WHAT YOU SHOULD DO: One part of the entries below is wanted: the lines from the one containing "CNCEST Pneumatic Liquid" through the one containing "Night Light Table". Write those out exactly and nothing else.
MATERIAL PROVIDED Block Start
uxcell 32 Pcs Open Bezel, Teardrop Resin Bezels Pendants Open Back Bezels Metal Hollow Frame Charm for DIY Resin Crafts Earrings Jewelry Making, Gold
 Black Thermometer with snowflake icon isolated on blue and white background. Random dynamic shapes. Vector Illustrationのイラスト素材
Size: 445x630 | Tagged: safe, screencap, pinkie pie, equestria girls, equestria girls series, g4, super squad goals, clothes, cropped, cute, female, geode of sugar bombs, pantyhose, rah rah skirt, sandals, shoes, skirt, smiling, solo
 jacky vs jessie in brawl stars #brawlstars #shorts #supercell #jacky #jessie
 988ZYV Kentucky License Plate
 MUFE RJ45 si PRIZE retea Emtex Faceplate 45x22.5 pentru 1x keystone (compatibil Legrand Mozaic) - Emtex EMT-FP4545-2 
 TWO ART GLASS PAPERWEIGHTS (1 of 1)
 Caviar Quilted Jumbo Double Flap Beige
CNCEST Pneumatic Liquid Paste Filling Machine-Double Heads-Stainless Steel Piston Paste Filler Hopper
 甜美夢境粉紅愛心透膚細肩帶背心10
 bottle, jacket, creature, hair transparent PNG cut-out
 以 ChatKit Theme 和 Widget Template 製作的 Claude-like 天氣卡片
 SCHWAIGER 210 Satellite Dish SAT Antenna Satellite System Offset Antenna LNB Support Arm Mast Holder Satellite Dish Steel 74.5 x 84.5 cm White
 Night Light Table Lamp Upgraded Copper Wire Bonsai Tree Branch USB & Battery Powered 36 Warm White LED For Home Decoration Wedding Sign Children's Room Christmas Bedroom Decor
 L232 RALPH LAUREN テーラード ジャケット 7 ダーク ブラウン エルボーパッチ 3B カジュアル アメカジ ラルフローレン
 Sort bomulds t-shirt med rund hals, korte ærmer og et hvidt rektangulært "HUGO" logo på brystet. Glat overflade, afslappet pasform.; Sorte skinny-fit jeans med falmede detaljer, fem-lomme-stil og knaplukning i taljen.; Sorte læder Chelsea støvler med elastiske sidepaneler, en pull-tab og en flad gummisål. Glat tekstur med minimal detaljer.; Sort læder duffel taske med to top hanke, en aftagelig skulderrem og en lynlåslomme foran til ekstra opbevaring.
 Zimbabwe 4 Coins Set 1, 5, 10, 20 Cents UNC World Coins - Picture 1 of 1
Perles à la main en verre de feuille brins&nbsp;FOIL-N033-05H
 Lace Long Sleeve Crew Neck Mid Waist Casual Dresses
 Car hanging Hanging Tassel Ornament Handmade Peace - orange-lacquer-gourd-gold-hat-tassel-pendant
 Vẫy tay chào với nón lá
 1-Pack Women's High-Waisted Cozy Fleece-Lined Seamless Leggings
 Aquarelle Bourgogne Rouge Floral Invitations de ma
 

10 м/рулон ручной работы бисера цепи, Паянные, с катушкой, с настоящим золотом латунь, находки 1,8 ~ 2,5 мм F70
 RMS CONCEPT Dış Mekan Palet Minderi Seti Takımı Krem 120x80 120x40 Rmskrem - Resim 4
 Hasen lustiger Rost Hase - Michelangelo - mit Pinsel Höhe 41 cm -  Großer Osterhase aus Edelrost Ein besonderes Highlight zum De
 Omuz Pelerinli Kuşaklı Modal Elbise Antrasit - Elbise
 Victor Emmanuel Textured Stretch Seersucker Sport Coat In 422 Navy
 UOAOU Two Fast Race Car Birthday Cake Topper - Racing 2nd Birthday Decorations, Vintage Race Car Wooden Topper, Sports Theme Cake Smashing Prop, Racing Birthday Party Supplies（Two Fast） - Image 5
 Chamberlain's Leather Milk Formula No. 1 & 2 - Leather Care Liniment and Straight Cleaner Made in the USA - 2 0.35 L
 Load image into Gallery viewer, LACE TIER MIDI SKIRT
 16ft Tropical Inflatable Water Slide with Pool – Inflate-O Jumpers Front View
MATERIAL PROVIDED Block End
WRITTEN SOLUTION:
CNCEST Pneumatic Liquid Paste Filling Machine-Double Heads-Stainless Steel Piston Paste Filler Hopper
 甜美夢境粉紅愛心透膚細肩帶背心10
 bottle, jacket, creature, hair transparent PNG cut-out
 以 ChatKit Theme 和 Widget Template 製作的 Claude-like 天氣卡片
 SCHWAIGER 210 Satellite Dish SAT Antenna Satellite System Offset Antenna LNB Support Arm Mast Holder Satellite Dish Steel 74.5 x 84.5 cm White
 Night Light Table Lamp Upgraded Copper Wire Bonsai Tree Branch USB & Battery Powered 36 Warm White LED For Home Decoration Wedding Sign Children's Room Christmas Bedroom Decor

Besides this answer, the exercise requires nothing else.